Dhrita, Dhṛta, Dhṛtā: 12 definitions
Dhrita means something in Buddhism, Pali, Hinduism, Sanskrit, Marathi. If you want to know the exact meaning, history, etymology or English translation of this term then check out the descriptions on this page. Add your comment or reference to a book if you want to contribute to this summary article.

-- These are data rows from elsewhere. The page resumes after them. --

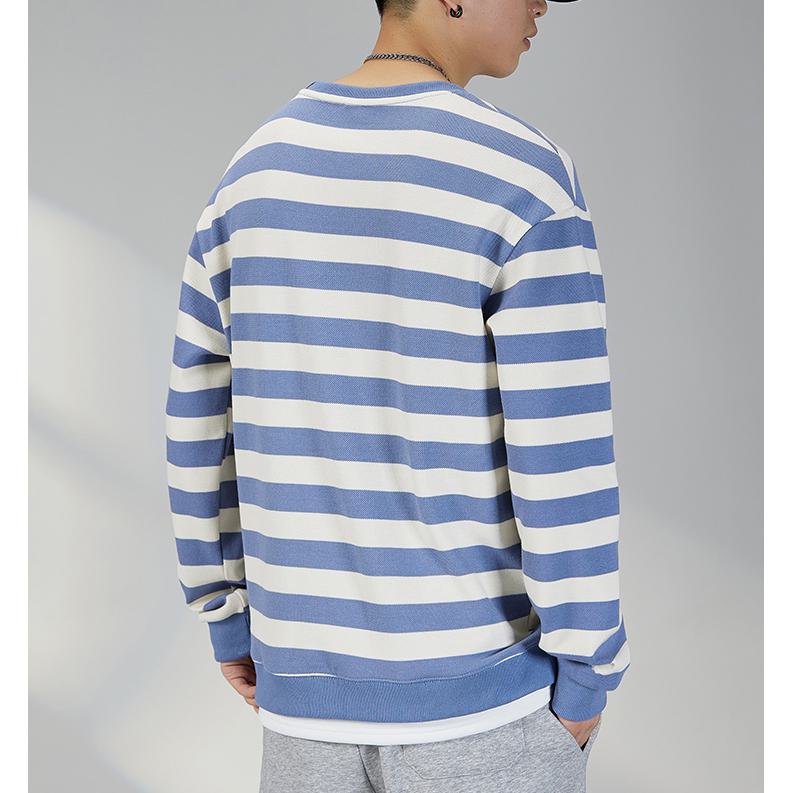 Locker sitzendes Pullover-Streifen-Kragen-T-Shirt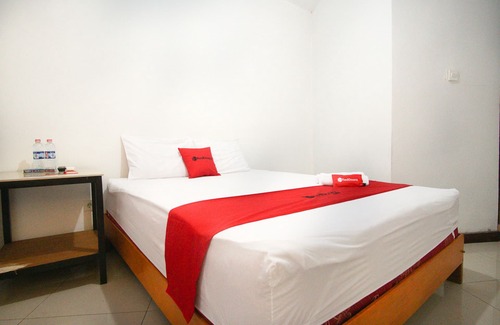 Kotaraja Casa | RedDoorz near Mall Abepura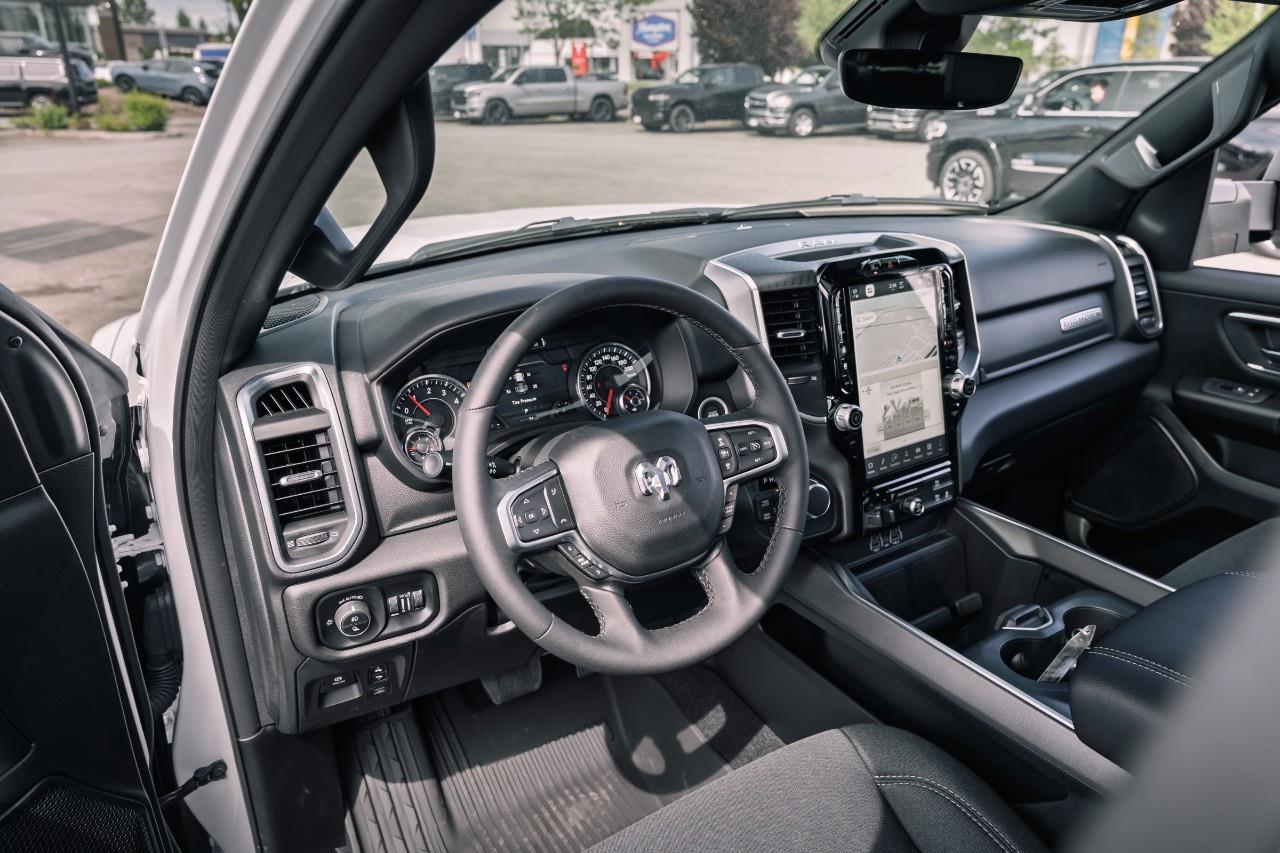 2025 RAM 1500 Big Horn S517761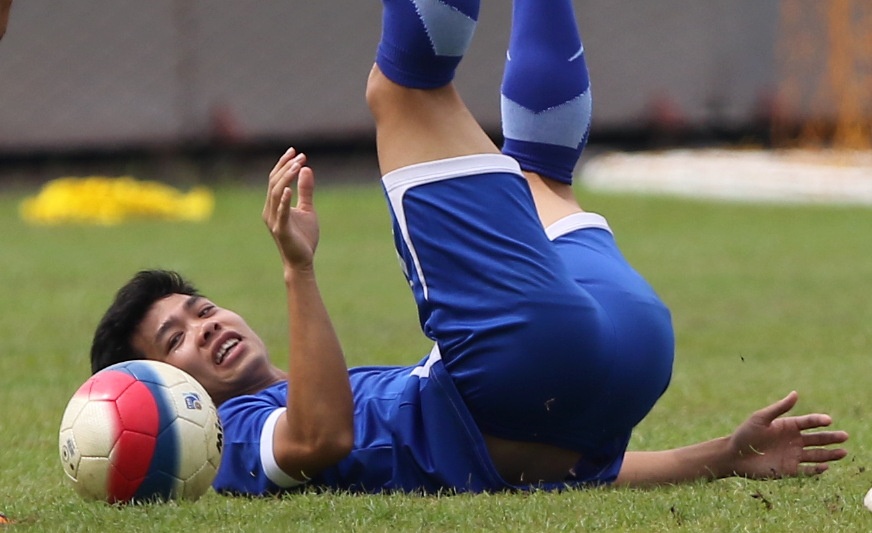 Cong Phuong gay cuoi cho dong doi khi nga bo nhao tren san hinh anh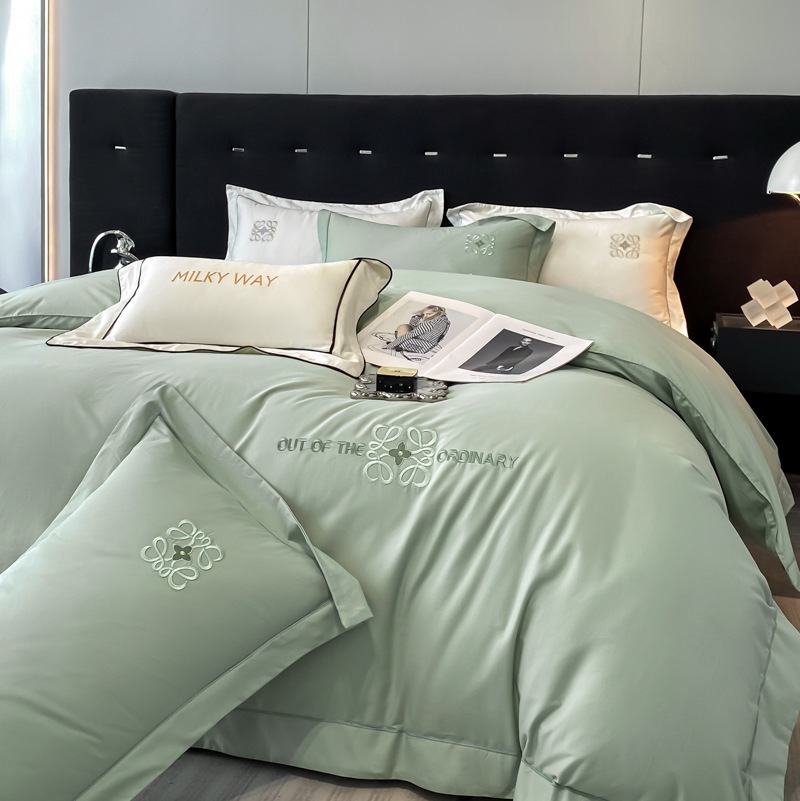 高級軽量高級コットン刺繍4点セット純綿刺繍コットンシーツキルトカバーベッドシーツギフト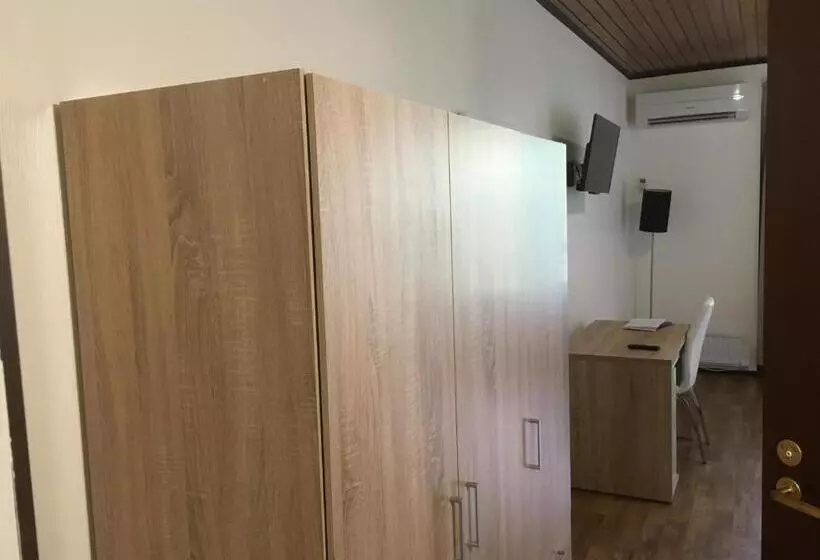 Hotelli Li Salpa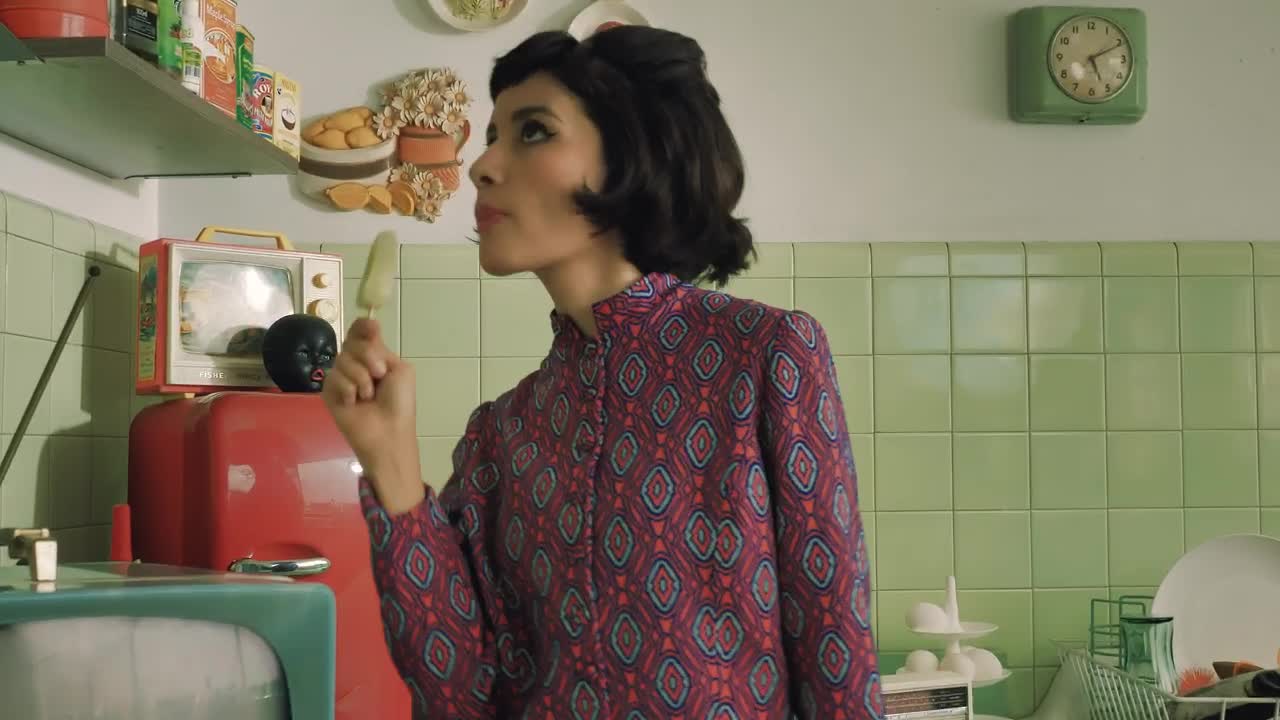 Video Stock Portrait Of A Retro Woman Eating A Popsicle Live Wallpaper Free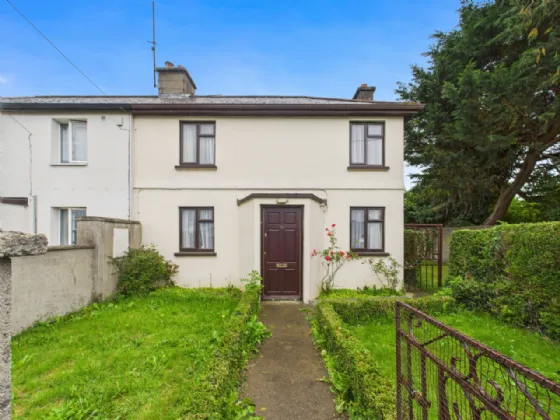 111 St. Josephs Park Nenagh Co. Tipperary E45 KT66
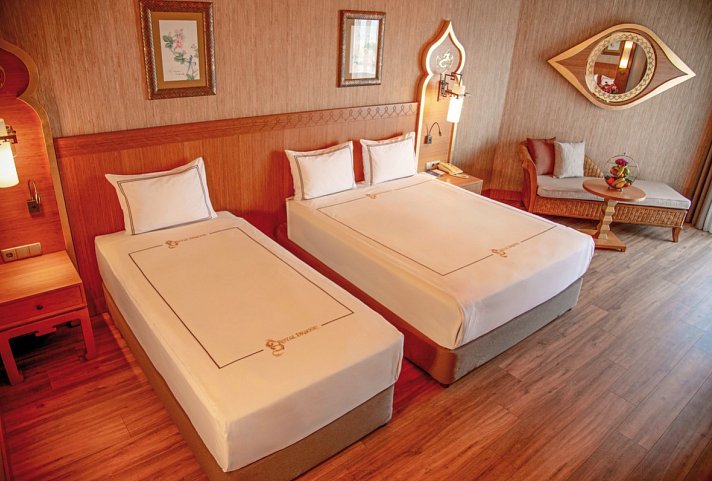 Royal Dragon Hotel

The Sanskrit terms Dhṛta and Dhṛtā can be transliterated into English as Dhrta or Dhrita, using the IAST transliteration scheme (?).
Purana and Itihasa (epic history)Source: Cologne Digital Sanskrit Dictionaries: The Purana Index
1a) Dhṛta (धृत).—A son of Dharma and father of Durmanas (Durmada, Bhāgavata-purāṇa.) and (Durdama, Brahmāṇḍa-purāṇa).*
- * Bhāgavata-purāṇa IX. 23. 15; Brahmāṇḍa-purāṇa III. 74. 10; Vāyu-purāṇa 99. 10.
1b) A son of Raucya Manu.*
- * Brahmāṇḍa-purāṇa IV. 1. 104.
The Purana (पुराण, purāṇas) refers to Sanskrit literature preserving ancient India’s vast cultural history, including historical legends, religious ceremonies, various arts and sciences. The eighteen mahapuranas total over 400,000 shlokas (metrical couplets) and date to at least several centuries BCE.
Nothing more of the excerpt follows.